Detection of the dendritic cells’ (DCs) antigen-presenting function
The number of DCs was adjusted to 5×104 /mL, and 1.5 mL of DCs suspension was added to each hole in the 6-well plate. Next, 150 µL of GLF was added to each well and cultured in a 5% CO2 incubator at 37℃ for 24 hours. Cells were scraped and suspended with 5 mL of PBS, then centrifuged at 250 g for 10 minutes. The precipitate was resuspended with 5 mL of PBS and centrifuged for another 10 minutes, then the cells in PBS were resuspended, and 1 µL of OX-6 and 2 µL of OX-42 were added to avoid light for up-flow detection within 1 hour.
AECII cells were identified by transmission electron microscopy (TEM)
AECII was identified by TEM. AECII was incubated for 48 hours and digested with 0.125% trypsin. Collect the cell suspension and centrifuge at 100 × g at 4˚C for 10 min.
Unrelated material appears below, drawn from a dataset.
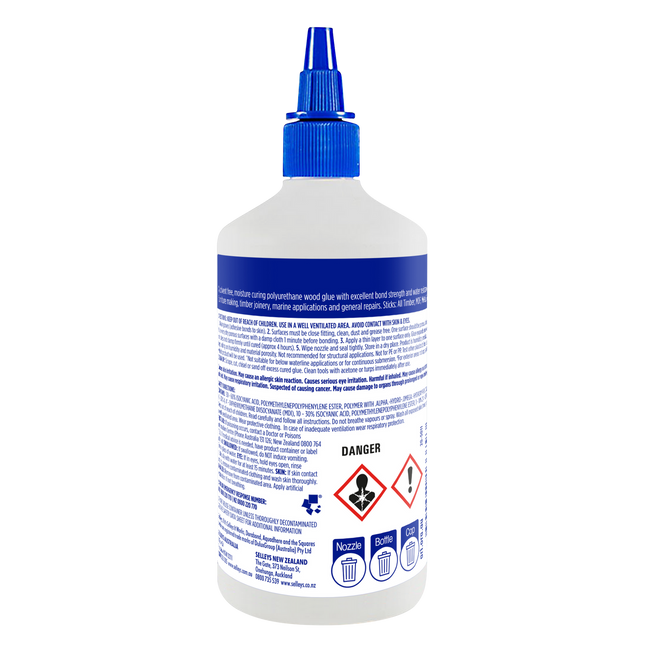 Selleys Aquadhere Durabond Polyurethane Wood Glue 250ml (2)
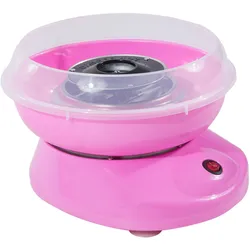 ZUCKERWATTEMASCHINE Edelstahl-und-PP Rosa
The supernatant was removed and the cells were fixed to 4% glutaraldehyde for 24 hours at room temperature. The cell pellets were rinsed three times for 10 minutes at 4˚C in PBS and fixed at 4˚C with 1% osmium tetroxide for 30 minutes, then rinsed three times with PBS and observed by TEM (JEM-1230(80KV), JEOL).
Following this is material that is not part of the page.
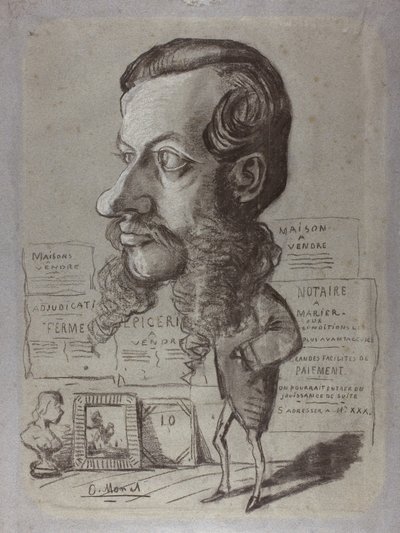 Karikatur af Léon Manchon, ca. 1858 af Claude Monet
Statistical analysis was performed using SPSS software (version 25.0; IBM, Corp.). The data are expressed as mean ± standard deviation. In order to compare the differences between groups, a one-way analysis of variance and post hoc Dunnett's T test were performed. P < 0.05 was considered to indicate a statistically significant difference.